Exercise brief
Copy out, word for word, the lines from the start of the data below through the line containing "Rickshaw & Hike", and no others.

Entries shown

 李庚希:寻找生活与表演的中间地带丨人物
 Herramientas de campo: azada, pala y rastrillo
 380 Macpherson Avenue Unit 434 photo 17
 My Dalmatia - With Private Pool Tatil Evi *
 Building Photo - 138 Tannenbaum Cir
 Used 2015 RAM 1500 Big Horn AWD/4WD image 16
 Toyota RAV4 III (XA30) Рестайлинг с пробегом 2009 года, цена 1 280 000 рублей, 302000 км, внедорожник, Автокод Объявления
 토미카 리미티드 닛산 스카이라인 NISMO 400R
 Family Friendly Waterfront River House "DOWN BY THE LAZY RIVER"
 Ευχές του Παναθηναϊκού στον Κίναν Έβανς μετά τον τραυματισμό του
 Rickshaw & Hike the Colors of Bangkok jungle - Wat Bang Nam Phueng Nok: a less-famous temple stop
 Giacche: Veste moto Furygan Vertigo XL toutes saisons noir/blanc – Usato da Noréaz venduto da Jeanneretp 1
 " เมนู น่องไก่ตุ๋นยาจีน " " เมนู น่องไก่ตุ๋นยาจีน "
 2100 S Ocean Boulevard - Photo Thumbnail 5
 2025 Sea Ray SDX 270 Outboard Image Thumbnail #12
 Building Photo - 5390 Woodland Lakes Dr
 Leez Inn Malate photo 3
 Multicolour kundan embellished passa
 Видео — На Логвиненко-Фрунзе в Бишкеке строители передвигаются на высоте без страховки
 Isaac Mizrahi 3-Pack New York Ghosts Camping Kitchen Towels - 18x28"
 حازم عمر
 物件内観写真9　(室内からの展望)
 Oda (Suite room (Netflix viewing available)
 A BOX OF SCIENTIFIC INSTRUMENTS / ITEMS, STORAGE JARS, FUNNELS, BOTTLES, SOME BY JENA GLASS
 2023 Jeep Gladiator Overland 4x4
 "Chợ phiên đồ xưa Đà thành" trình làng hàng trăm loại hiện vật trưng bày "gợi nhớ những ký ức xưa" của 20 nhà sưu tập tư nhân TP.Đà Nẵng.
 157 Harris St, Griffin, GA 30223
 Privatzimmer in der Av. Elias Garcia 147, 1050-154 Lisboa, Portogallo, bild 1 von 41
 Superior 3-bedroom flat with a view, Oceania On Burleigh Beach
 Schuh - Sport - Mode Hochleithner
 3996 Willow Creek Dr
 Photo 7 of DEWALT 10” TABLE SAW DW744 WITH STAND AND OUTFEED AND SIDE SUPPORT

Exercise response
 李庚希:寻找生活与表演的中间地带丨人物
 Herramientas de campo: azada, pala y rastrillo
 380 Macpherson Avenue Unit 434 photo 17
 My Dalmatia - With Private Pool Tatil Evi *
 Building Photo - 138 Tannenbaum Cir
 Used 2015 RAM 1500 Big Horn AWD/4WD image 16
 Toyota RAV4 III (XA30) Рестайлинг с пробегом 2009 года, цена 1 280 000 рублей, 302000 км, внедорожник, Автокод Объявления
 토미카 리미티드 닛산 스카이라인 NISMO 400R
 Family Friendly Waterfront River House "DOWN BY THE LAZY RIVER"
 Ευχές του Παναθηναϊκού στον Κίναν Έβανς μετά τον τραυματισμό του
 Rickshaw & Hike the Colors of Bangkok jungle - Wat Bang Nam Phueng Nok: a less-famous temple stop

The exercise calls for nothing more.